Beneteau First Yacht 53
The Beneteau First Yacht 53 was big on performance. Jon Whittle

It received high marks. Judge Ed Sherman said: “This is a very interesting boat. It’s actually an outlier in terms of the electrical system in that it’s still using 12 volts, while almost everyone else seems to be evolving to 24 volts. There’s some real innovation happening here. They get kudos for the in-house digital-switching control system they’ve designed, which is pretty slick and enables the owner to control the system with their cellphone, or even remotely via the internet with the onboard Wi-Fi.”

Hanse 675
The Hanse 675 was the year’s biggest entry. Jon Whittle

Like the Beneteau, the year’s largest entry, the Hanse 675, comes with a price tag of over $1 million, a major topic of discussion in the final deliberations for the class. And while the judges did get aboard the boat for a test sail, the conditions were so calm that, again, decisions were based largely on the dockside visit. And it also generated positive reviews.

“Mechanically, the systems were very well-done,” judge Ralph Naranjo said. “The idea of using hydraulics for the anchor windlass was great, though I thought the capstan and chain size were quite small. Under sail, we didn’t have a fair evaluation because of lack of wind. But the sails, running rigging and so on were splendid. Under power she did very well, making better than 10 knots at the high end. And she backed down well either way.”

Bavaria C57
The Bavaria C57 represented extremely good value. Jon Whittle

The second of two Bavarias to be introduced in the United States this year was the stout C57. “In terms of installations, the systems are very similar to the C50,” Sherman said. “I’d say Bavarias in general have achieved a point in their construction expertise where they’re on par with Groupe Beneteau boats—they’re all in the same league in terms of the craftsmanship it takes to install commonly requested marine systems.” Naranjo added, “They’ve done an interesting thing with the 57, as they have several different draft versions from which to choose, and the engineering is solid in that they change the ballast with the different draft options.”


That left the 56-plus-foot Catalina 545, which—spoiler alert—not only was named Best Full-Size Cruiser Over 55 Feet, it also was named the overall Boat of the Year.

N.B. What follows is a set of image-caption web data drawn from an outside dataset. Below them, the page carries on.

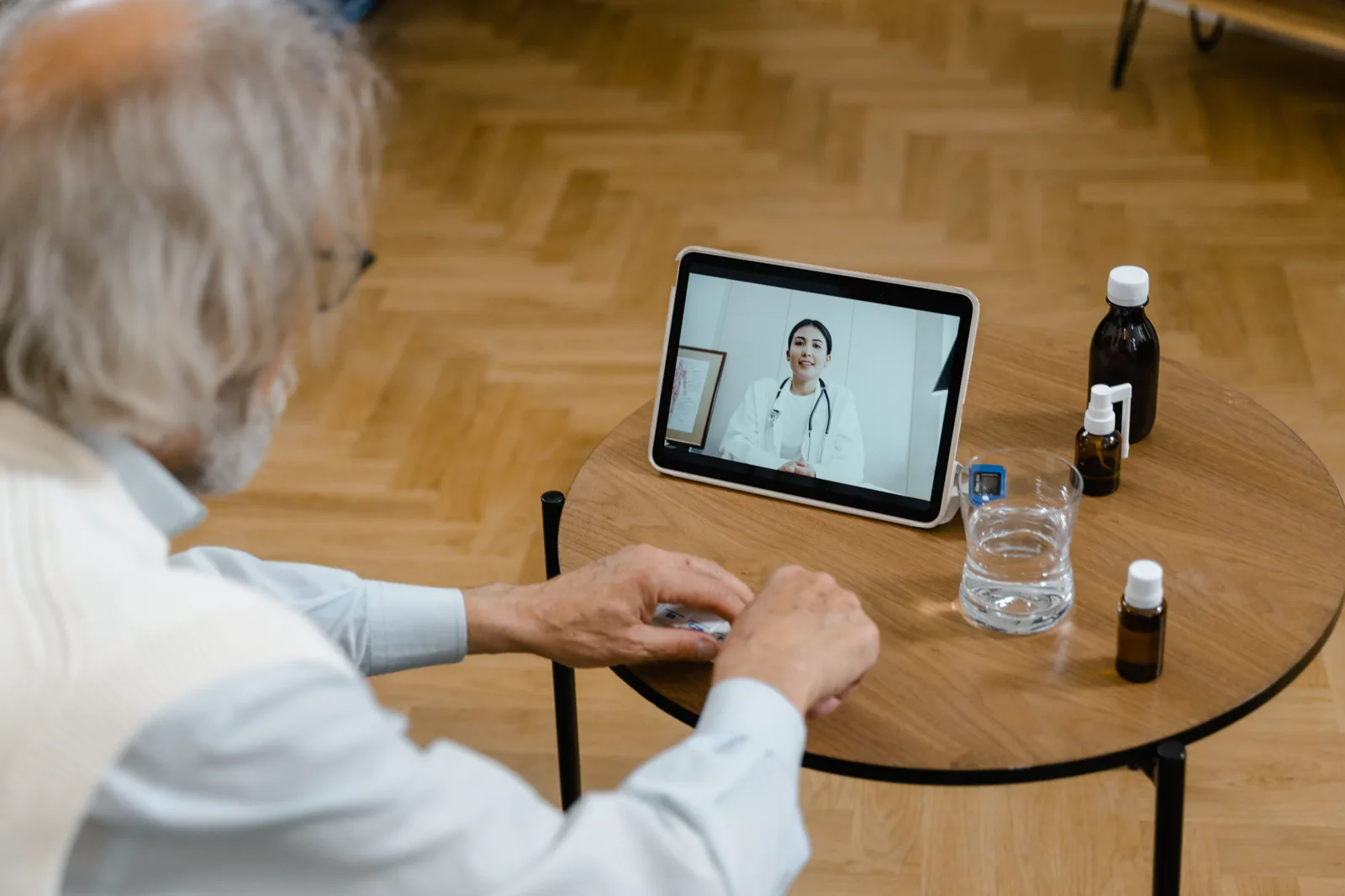 태블릿으로 의료진과 상담하는 어르신. An older adult speaking with a care provider by tablet.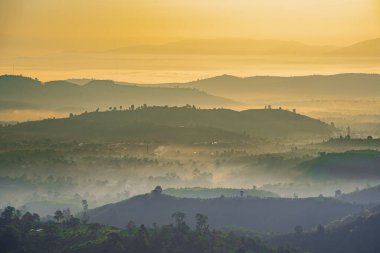 Linh Quy Phap An Tapınağı, Bao Loc, Vietnam 'da sabah sisi boyunca görülebilir siluetleri olan dağ siluetleri. Turuncu gökyüzü arka planı. Yumuşak odak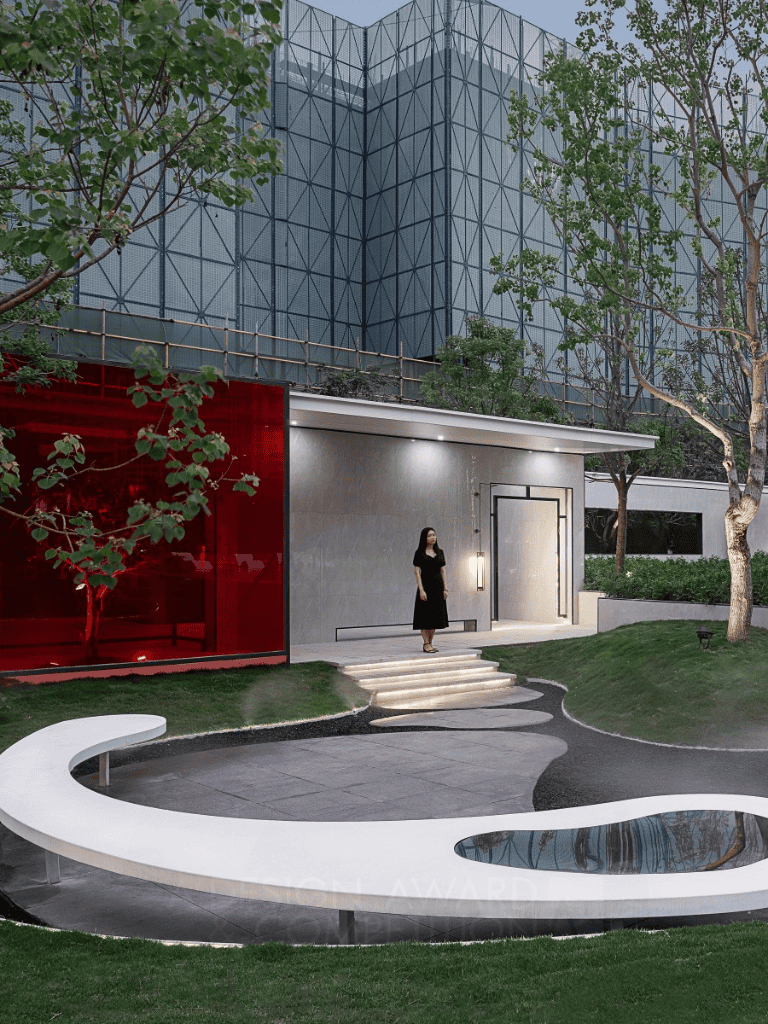 Modern corporate building with landscaped garden and unique water feature, perfect for business visits.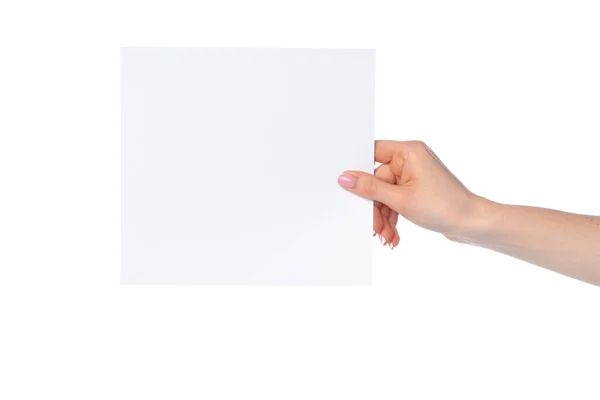 Žena ruka ukazující bílý papír banner izolované na bílém — Stock fotografie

“I liked it as soon as I got on it,” judge Dan Spurr said. “I like the looks of it. I like the cockpit layout. The designer and builder, Gerry Douglas, did an excellent job explaining how he put the boat together and the choices that he made. I was impressed by the overall layout abovedecks and below. We didn’t have a ton of wind when we sailed it, but it acquitted itself nicely. It seemed like a pretty straightforward rig that my wife and I could handle pretty comfortably. In other words, it wasn’t complicated. Pricewise, in this category, it was in the same range as the Bavaria but considerably less than the Beneteau or Hanse, which I think is important. It represents good value. It’s a simple boat but one that’s handsome and well-thought-out.”

“The little things did it for me,” Sherman said. “The rigid stainless-steel handrails and the great toe rail. Really chunky stuff. I love the drain down the side of the deck. It was slippery in pretty light air. I mean, we got it up to 5 or 6 knots without any effort at all. I really loved the interior layout too. That forward stateroom with the little daybed was great. And the furniture in the main saloon is solid wood, not laminated stuff. It’s seemingly a minor thing, but it’s actually pretty major in terms of maintaining the value of the boat down the line.”


Many decades ago, Catalina Yachts was launched with the name of the prominent island off the coast where the company was founded. Fittingly, the Catalina 545, the latest and perhaps greatest of all the models that came before it, is an island unto itself.